> Exercise brief:
Your copy of the data should match it exactly, leaving out only the pictures.

> Data segment:
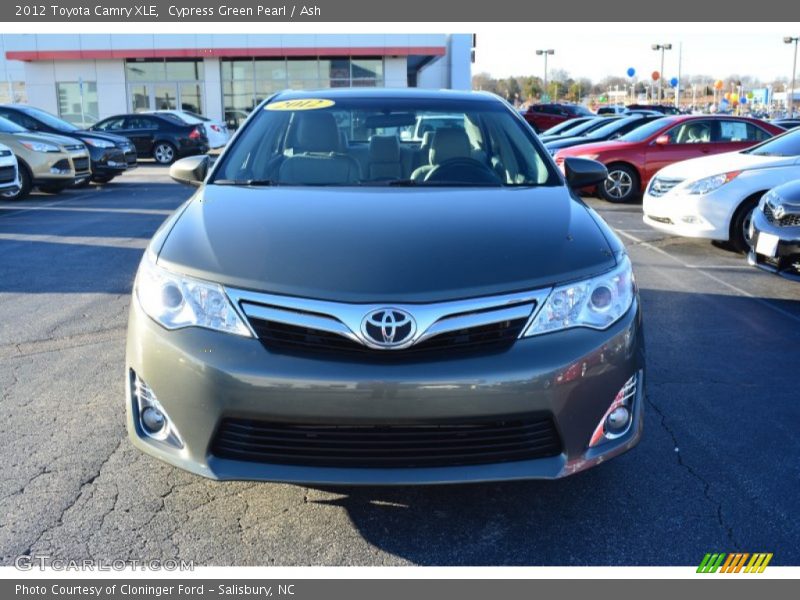 Cypress Green Pearl / Ash 2012 Toyota Camry XLE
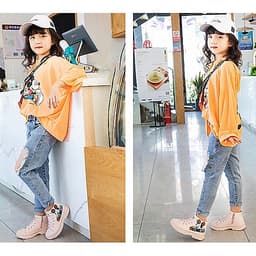 Giày bốt bé gái từ 3 đến 15 tuổi T030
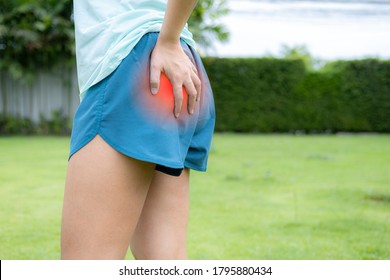 People With Pain In The Buttocks Caused By Muscle Inflammation.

> Task response:
 Cypress Green Pearl / Ash 2012 Toyota Camry XLE
 Giày bốt bé gái từ 3 đến 15 tuổi T030
 People With Pain In The Buttocks Caused By Muscle Inflammation.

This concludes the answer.